Paddy Power chief executive Patrick Kennedy has said that a willingness to pay out early has helped the bookmaker woo new punters. Last year it booked a pre-tax profit of 67.2 million euros — a figure which, despite an increased turnover of 2.75 billion euros, was down on previous years.

Matthew Tripp says Paddy Power is a “fun brand” and the cheekiness had rubbed off on Sportsbet: “While bookmaking is a serious business, we all need to take stock and realise we are betting on things we love. Let’s not take ourselves too seriously.”

But corporate bookmakers aren’t just turning to publicity stunts to stand out from the pack, they’re also employing increasingly pervasive advertising tactics, entering into partnerships with major broadcasters. It’s become standard practice for commentators to run odds from betting agencies live during broadcasts. TABCorp has a deal with Channel Nine that sees its rugby league commentary team spruik odds live during play, while Ten and Seven also advertise betting agencies. Radio stations also regularly plug bookies.

Xenophon told Crikey broadcasters are “ramming” gambling down people’s throats and it will increase the likelihood of children becoming problem gamblers: “Having odds on live play on free-to-air television is a recipe for increasing the level of people being hooked, and that’s why there needs to be a complete overhaul of online gambling legislation in this country.”

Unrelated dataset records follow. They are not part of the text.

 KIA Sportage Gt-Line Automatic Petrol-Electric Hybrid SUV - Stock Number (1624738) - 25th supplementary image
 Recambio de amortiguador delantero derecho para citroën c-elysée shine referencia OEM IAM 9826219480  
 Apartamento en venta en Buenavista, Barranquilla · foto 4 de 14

Competition administrators also rely on gambling revenue — the NRL, FFA, AFL, Basketball Australia, Golf Australia, the F1 Grand Prix, MotoGP and the V8 Supercars are all sponsored by corporate bookmakers. Many sporting clubs have separate arrangements with bookies, and even the Stawell Athletics Club — organisers of the Stawell Gift — have a deal with the TAB. AFL grounds have started running live Betfair odds on the big screen during games.

What’s the cost to competition? The NRL was recently rocked by a string of betting scandals that involved players allegedly manipulating results, while the Pakistan cricket team has been investigated for potentially colluding with bookmakers.

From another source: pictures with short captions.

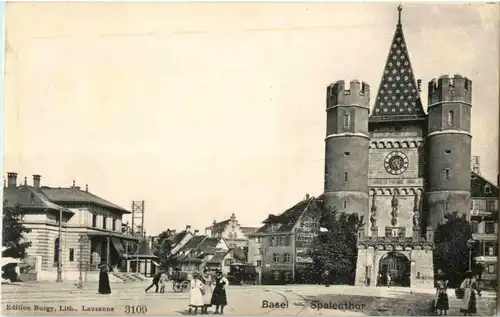 Basel -192064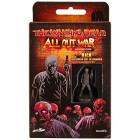Rick Disfigured but Determined Booster: The Walking Dead...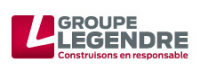 Logo de la marque Siège Groupe Legendre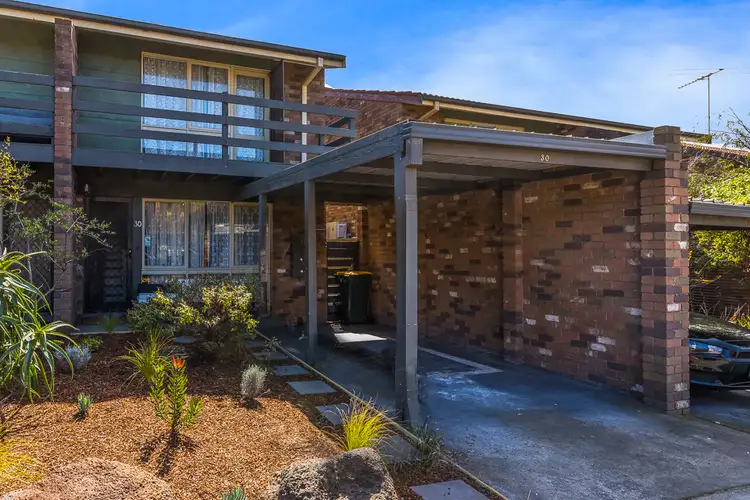Second view of Homely townhouse listing, 30/99-101 Nepean Highway, Seaford VIC 3198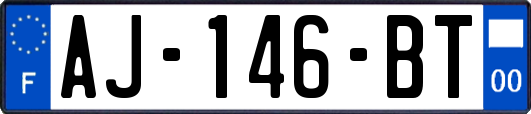 AJ-146-BT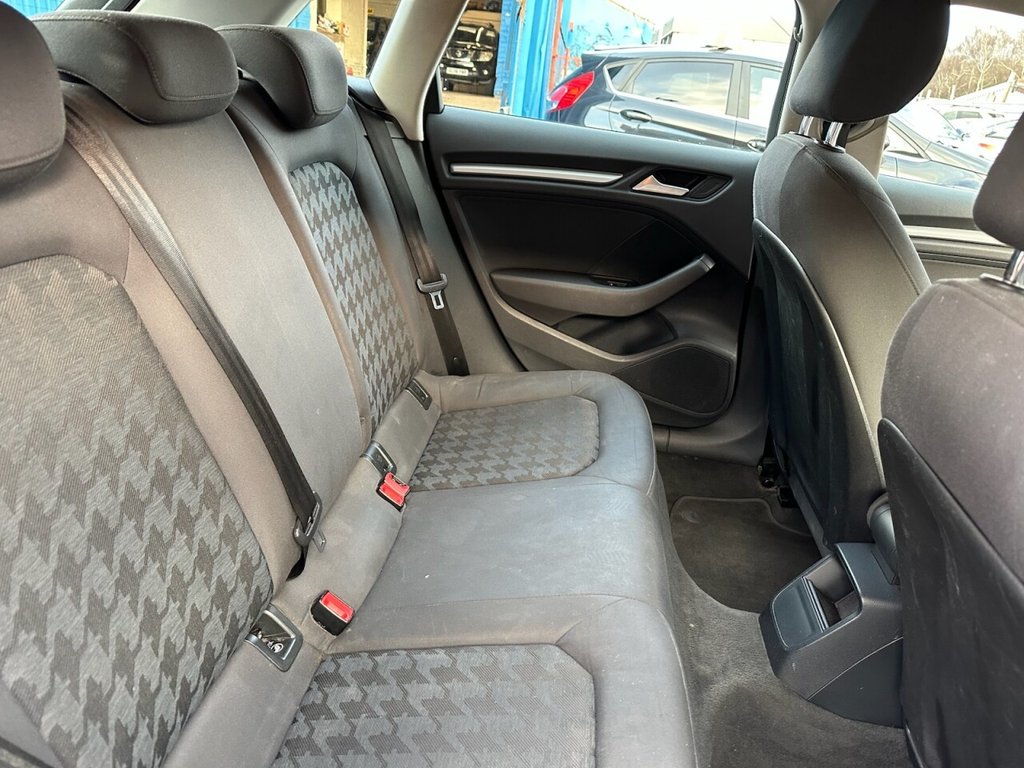 Used Audi A3 2015 for sale - 77132937: Photo 16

But while Xenophon was scathing of the tactics of bookmakers, Tripp told Crikey he doesn’t believe early pay outs are in any way encouraging problem gamblers: “A lot will reinvest, which is great, it shows their loyalty to our company, but a lot will pull out and do whatever they want with the money, which is fine with us. I can’t see how it’s any different to backing a winner and reinvesting.”